A oposição entre cômico e trágico é uma antítese, mas também podemos pensá-la como continuidade do excesso de drama carregado em cada vivência. Quase que por exaustão oscilamos do trágico ao cômico e vice-versa.

Quando o indivíduo se autorreferencia ele fica reduzido aos seus desejos, medos, metas, cogitações. Ao descontinuar seus processos relacionais, criando supostas e quiméricas estruturas, ele se insere na ilusão, ele vive nos sonhos, nos medos e desejos. Suas apreensões criam padrões que vão funcionar como algoritmos que tudo açambarcam. Viver em função de economizar para realizar o "sonho da casa própria", por exemplo, pode ser desvitalizador, pode criar privações, dificuldades de nutrição, de recreação e participação no cotidiano. Esperar o "príncipe encantado", esperar o amor necessário que transformará tudo, é também ficar impermeabilizado ao que ocorre. É cômico e é trágico. O ocupar-se de si mesmo como caminho de realização e satisfação constrói barreiras de egoísmo, medo e desespero que geram afastamento, deixando o indivíduo isolado. Esse viver engaiolado e protegido, enfraquece, mutila, pois afasta o indivíduo de seus referenciais nutridores e criativos: os outros. Diante desse quadro, dessa frequência problemática de existência, muitos arbitram que cuidar do outro, ocupar-se do outro é a solução. Surgem revolucionários, religiosos e espiritualistas dedicados a salvar a humanidade, propiciando comida, educação, prazer, bondade e transcendência das dificuldades.

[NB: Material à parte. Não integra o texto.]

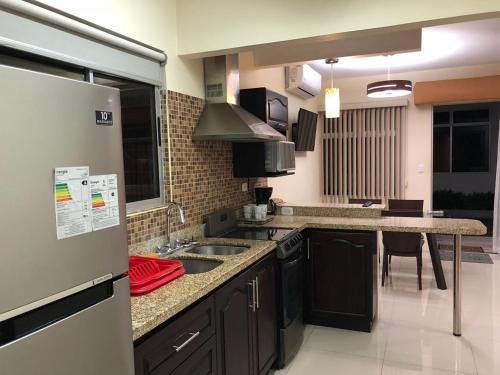 LOFTSCACAO APARTMENTS, Villas Cacao, near to Playa Bonita Limón (LOFTSCACAO APARTMENTS, Villas Cacao, near to Playa Bonita Limon) in ปลายาโกเกลส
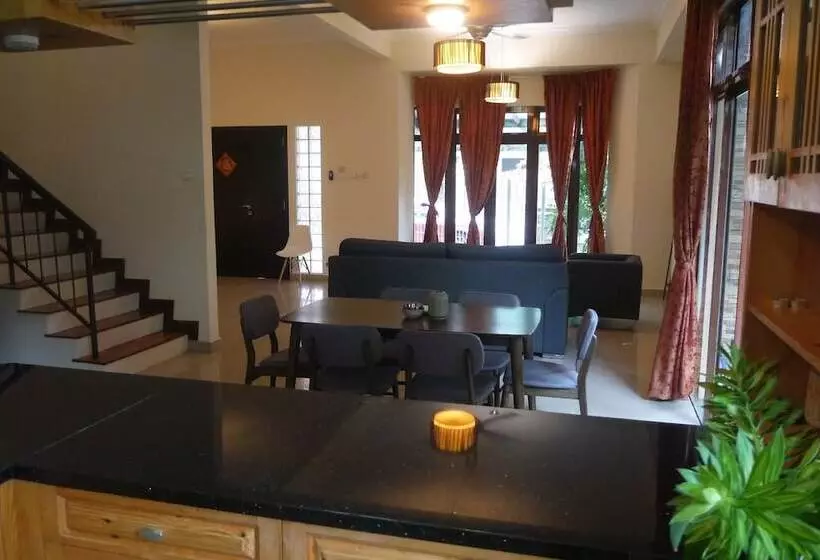 ペンション Batu Ferringhi Homestay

Não existem paraísos, não existem eldorados. Negar o existente e querer transportar pessoas para outros lugares é estabelecer processos alienantes. É trágico o esvaziamento que se consegue ao tentar "salvar almas" ou melhorar condição de vida dos outros. Almas salvas, estômagos preenchidos, vidas bem-sucedidas não são suficientes para açambarcar a complexidade, a dinâmica motivacional do ser humano. O próprio ato de criar convergências - almas salvas e estômagos preenchidos - é alienador. Direcionar toda a existência para consecução de objetivos é estabelecer processos arbitrários nos quais os condutores são autoridades, grupos, instâncias superiores que dirigem e organizam. Sem autonomia os espetáculos são orientados e executados. Um dia riem, outro dia choram. Esse estar ao sabor das ondas, esse não ter autonomia é o que configura a grande tragicidade cômica, ou a comicidade trágica que habita nosso horizonte social (abundante e identificável em inúmeras ações políticas criadoras de espetáculos tragicômicos), ou seja: fabricar e habitar sonhos ampliadores ou amesquinhadores das realidades vivenciadas deixa à mostra palhaços, títeres, domadores e marionetes que habitam nosso mundo.

Trágico e também cômico é viver sem autonomia, é ser transformado em massa a ser manipulada diariamente na construção de cenários que prometem maravilhosos mundos, infinitas transformações do que é ruim em deserto ou em bom e fértil. Comprar e vender ilusões é cômico, é trágico, aliena e desvitaliza, destrói e massacra.